Quoting Jesse Gross <je...@nicira.com>:
On Thu, Oct 1, 2015 at 4:19 PM, <dwil...@us.ibm.com> wrote:
Quoting Jesse Gross <je...@nicira.com>:
On Tue, Sep 29, 2015 at 10:50 PM, <dwil...@us.ibm.com> wrote:
Hi-
I have been conducting scaling tests with OVS and docker. My tests
revealed
that the latency of ARP packets can become very large resulting in many
ARP
re-transmissions and time-outs. I found the source of the poor latency to
be
with the handling of arp packets in ovs_vport_find_upcall_portid(). Each
packet is hashed in ovs_vport_find_upcall_portid() by calling
skb_get_hash(). This hash is used to select a netlink socket in which to
send the packet to userspace. However, skb_get_hash() is not supporting
ARP
packets returning a 0 (invalid hash) for every ARP. This results in a
single ovs-vswitchd handler thread processing every arp packet thus
severely
impacting the average latency of ARPs. I am purposing a change to
ovs_vport_find_upcall_portid() that spreads the ARP packets evenly
between
all the handler threads (patch to follow). Please let me know if you
have
suggestions/comments.
This is definitely an interesting analysis but I'm a little surprised
at the basic scenario. First, I guess it seems to me that the L2
domain is too large if there are this many ARPs.

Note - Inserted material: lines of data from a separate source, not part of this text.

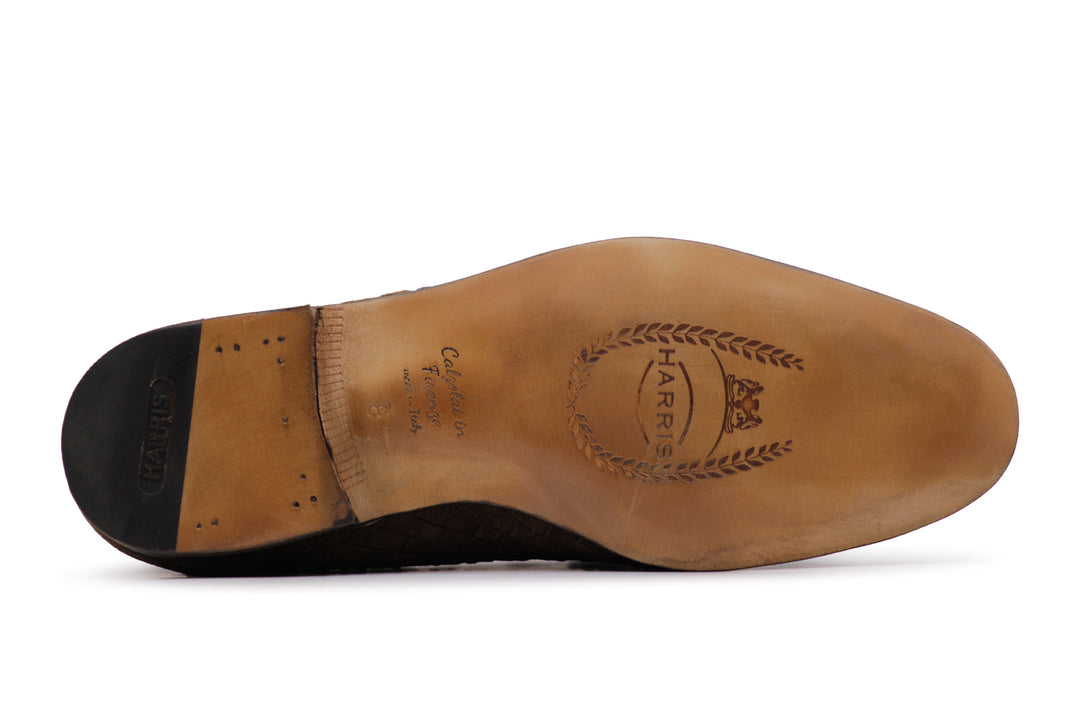 Woven suede moccasin
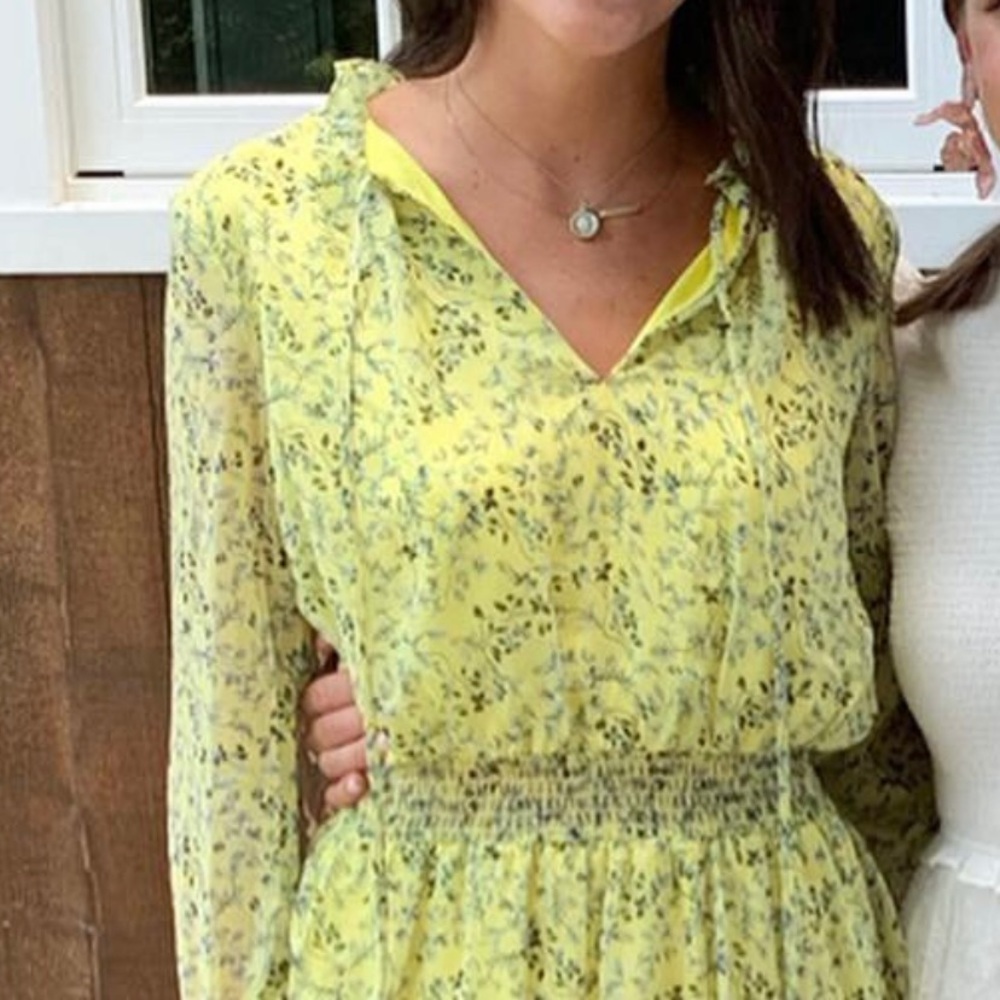 Cutest yellow floral mini dress with long sleeves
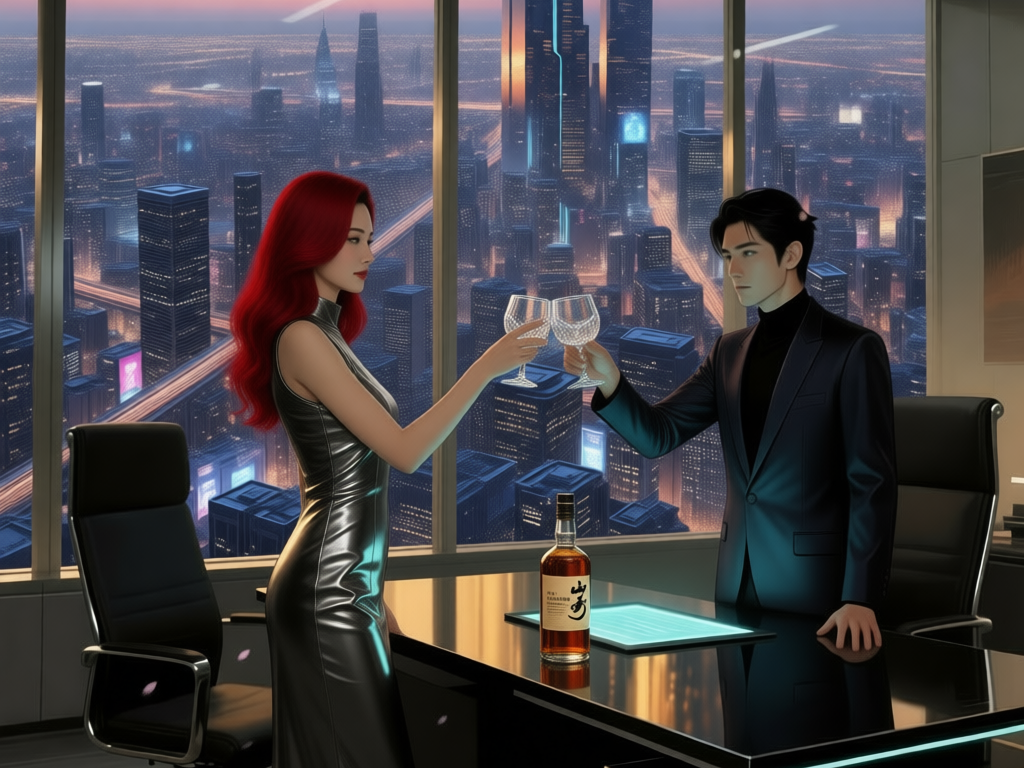 Rei and Takumi saying kanpai.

I can imagine running a couple of thousand docker containers, so I think
this is a reasonable size test.
Having thousands of nodes (regardless of whether they are containers
or VMs) on a single L2 segment is really not a good idea. I would
expect them to be segmented into smaller groups with L3 boundaries in
the middle.
Something I am not clear on. Creating smaller L2 segments would reduce
the impact of a broadcast packet, fewer ports to flood the packet to.

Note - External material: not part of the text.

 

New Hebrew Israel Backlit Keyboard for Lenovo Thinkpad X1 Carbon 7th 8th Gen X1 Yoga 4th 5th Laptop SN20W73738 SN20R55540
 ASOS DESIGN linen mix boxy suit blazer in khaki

But would it affect the performance of the upcall datapath? Comparing
a single 512 port switch to two 256 port switches (on a single host).
Wont they have the same number of ports, queues, threads and upcalls?

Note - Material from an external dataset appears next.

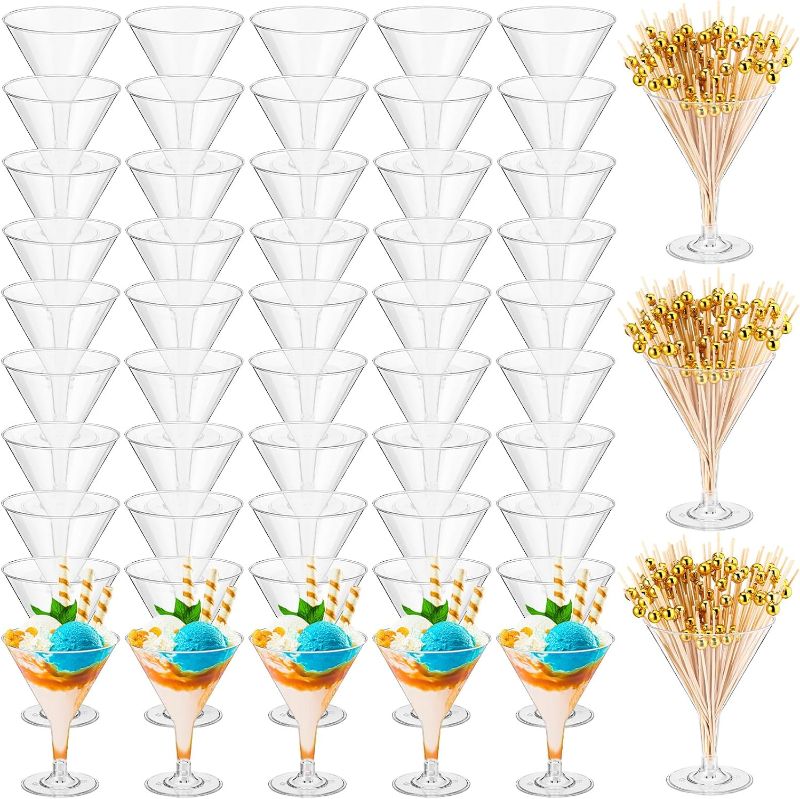 Photo 1 of 100 Pcs Clear Plastic Martini Glasses and Gold Pearl Cocktail Picks Set Disposable Cocktail Glasses Plastic Martini Cups Clear Mini Dessert Glasses for Weddings Party Wine Appetizers Food (7 oz)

On a related issue, I am looking into the memory consumed by the netlink
sockets, OVS on linux can create many of these sockets. Do you have any
thought as to why the current model was picked?
Independent queues are the easiest way to provide lockless access to
incoming packets on different cores and, in some case, give higher
priority to certain types of packets.
The speed also
generally seems slower than I would expect but in any case I don't
disagree that it is better to spread the load among all the cores.
On the patch itself, can't we just make skb_get_hash() be able to
decode ARP? It seems like that is cleaner and more generic.
My first thought was to make a change in skb_get_hash(). However, the
comment in __skb_get_hash() state that the hash is generated from the
4-tuple (address and ports). ARPs have no ports so a return value of 0
looked correct.
/*
* __skb_get_hash: calculate a flow hash based on src/dst addresses
* and src/dst port numbers. Sets hash in skb to non-zero hash value
* on success, zero indicates no valid hash. Also, sets l4_hash in skb
* if hash is a canonical 4-tuple hash over transport ports.
*/
What do you think?
I don't think that this is really a strict definition. In particular,
IP packets that aren't TCP or UDP will still return a hash based on
the IP addresses.
However, I believe that you are looking at an old version of this
function. Any changes would need to be made to the upstream Linux
tree, not purely in OVS.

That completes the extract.